December 13, 2013 - Rachel Miller
A landmark global trade deal could boost the UK economy by more than £1bn a year, making it faster and easier for businesses to trade between countries.
Announced by prime minister David Cameron at the World Trade Organisation (WTO) conference in Bali, the historic deal is the first of its kind for 20 years.
The new trade agreement promises to bring benefits to businesses across all sectors. In particular, the deal should open up new exporting opportunities for small and medium enterprises (SMEs) which are often the most affected by administrative costs of exporting. Currently up to 7% of the value of global trade is swallowed up by needless red tape.

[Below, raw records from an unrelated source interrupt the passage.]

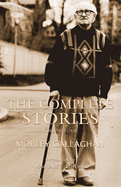The Complete Stories of Morley Callaghan, Volume 4
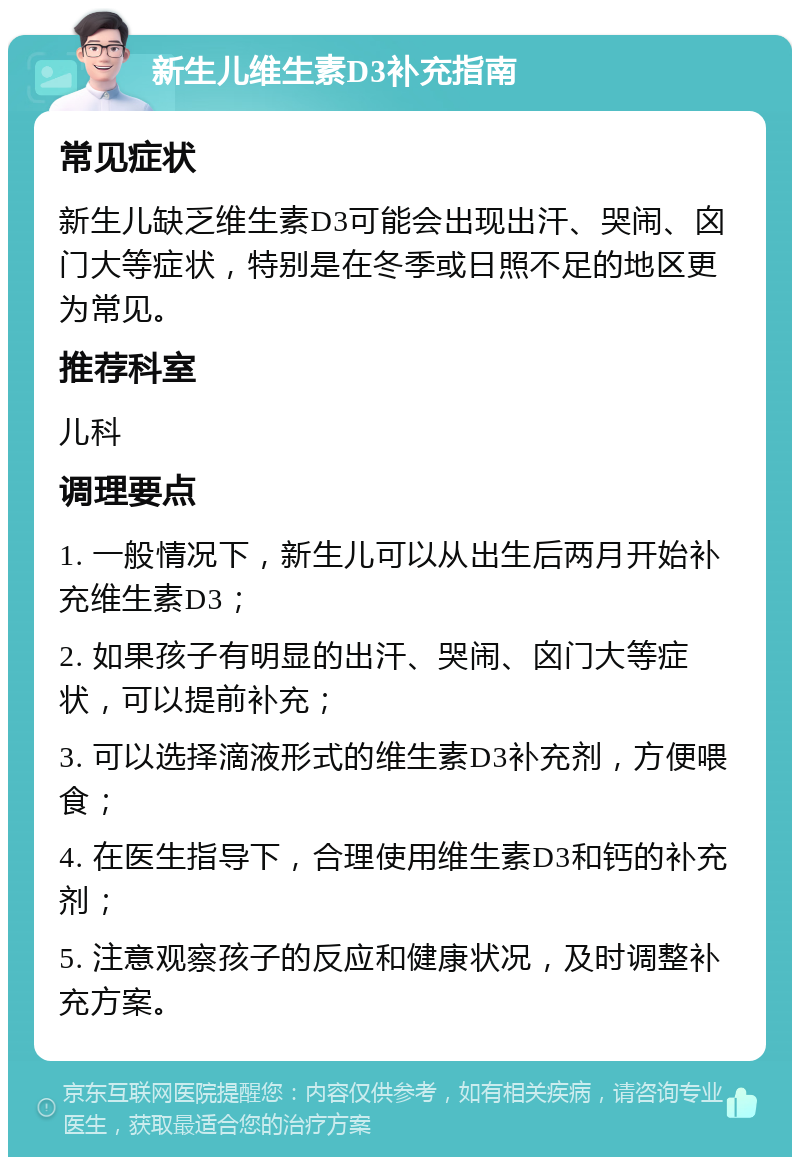 新生儿维生素D3补充指南 常见症状 新生儿缺乏维生素D3可能会出现出汗、哭闹、囟门大等症状，特别是在冬季或日照不足的地区更为常见。 推荐科室 儿科 调理要点 1. 一般情况下，新生儿可以从出生后两月开始补充维生素D3； 2. 如果孩子有明显的出汗、哭闹、囟门大等症状，可以提前补充； 3. 可以选择滴液形式的维生素D3补充剂，方便喂食； 4. 在医生指导下，合理使用维生素D3和钙的补充剂； 5. 注意观察孩子的反应和健康状况，及时调整补充方案。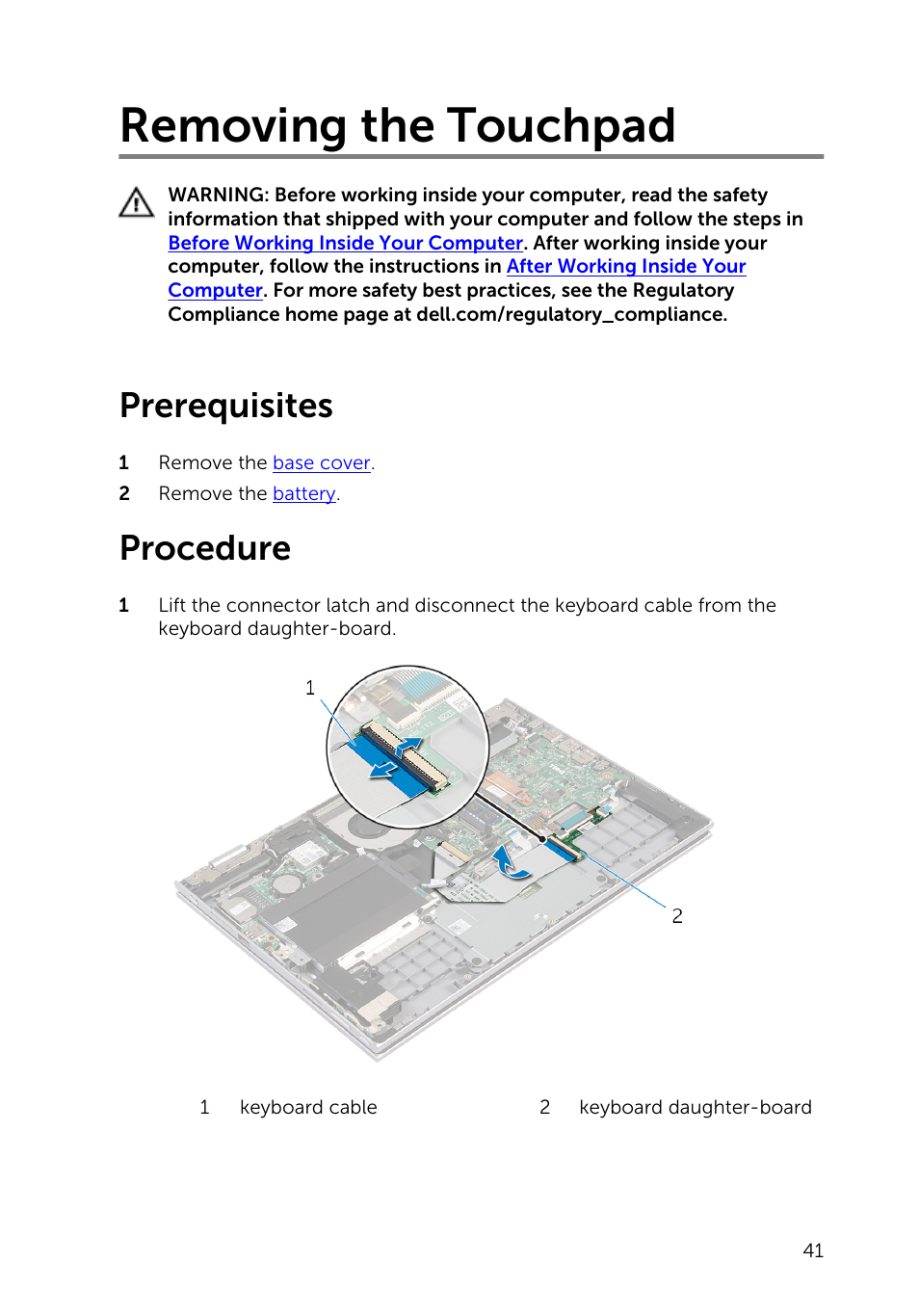 Removing the touchpad, Prerequisites, Procedure | Dell Inspiron 13 7000 Series 2-in-1(7348, Early 2015) User Manual | Page 41 / 94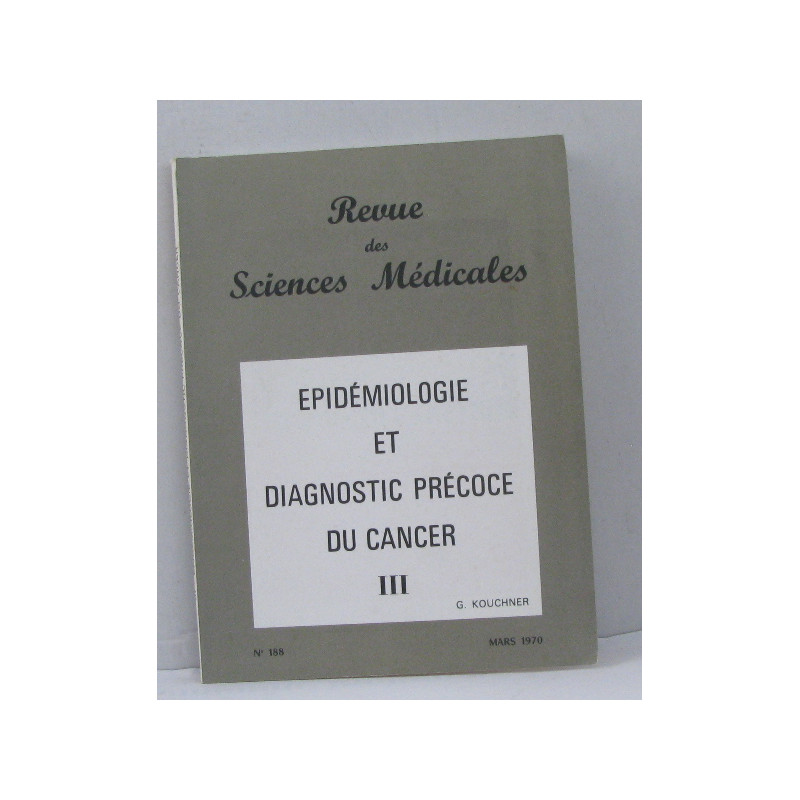 Revue des sciences médicales n° 188 mars 1970 épidémiologie et...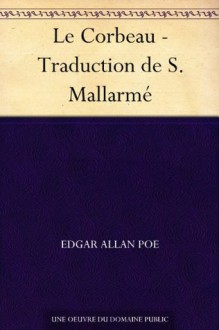 Le Corbeau - Stéphane Mallarmé, Edgar Allan Poe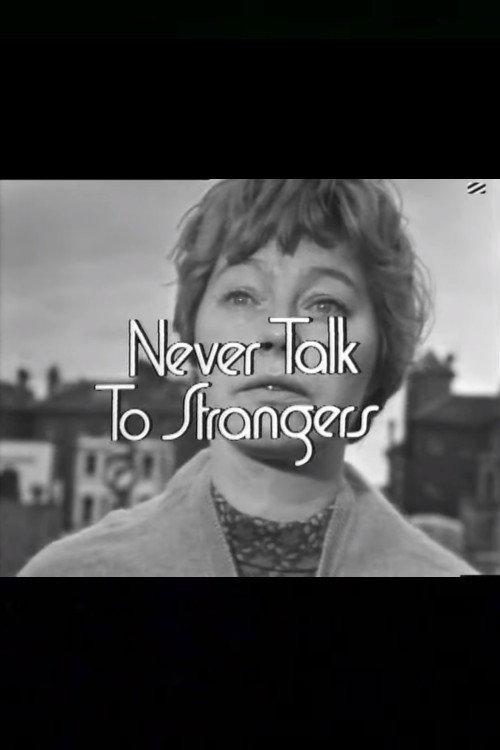 Never Talk to Strangers 1969 official movie poster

David Cameron said: "I am delighted that we have secured an impressive global deal worth over £1bn a year to British businesses and £70bn globally. This deal will help boost our exports. If just 100,000 small businesses either start exporting or spread to new markets over the next five years, this would generate an extra £30 billion for the UK economy and create 100,000 new jobs."
He added: "By slashing barriers to trade, this deal will also provide a lifeline to the world's poorest people. Helping developing countries to grow is not only the right thing to do, but it also increases potential markets for us all. So this really is win-win."
The UK has been a key driver behind this deal, with Lord Green, UK minister for Trade and Investment, as a vice-chair of the WTO conference in Bali. He said: "The deal we have agreed here today is good for the UK and even better for developing countries. It will bring real benefits to businesses in every country, in particular to small firms which are hardest hit by the costs of trading across inefficient borders."
The trade deal was one of the final responsibilities of Lord Green, who retires this week. Lord Livingston, outgoing chief executive of BT Group, has become the new trade and investment minister.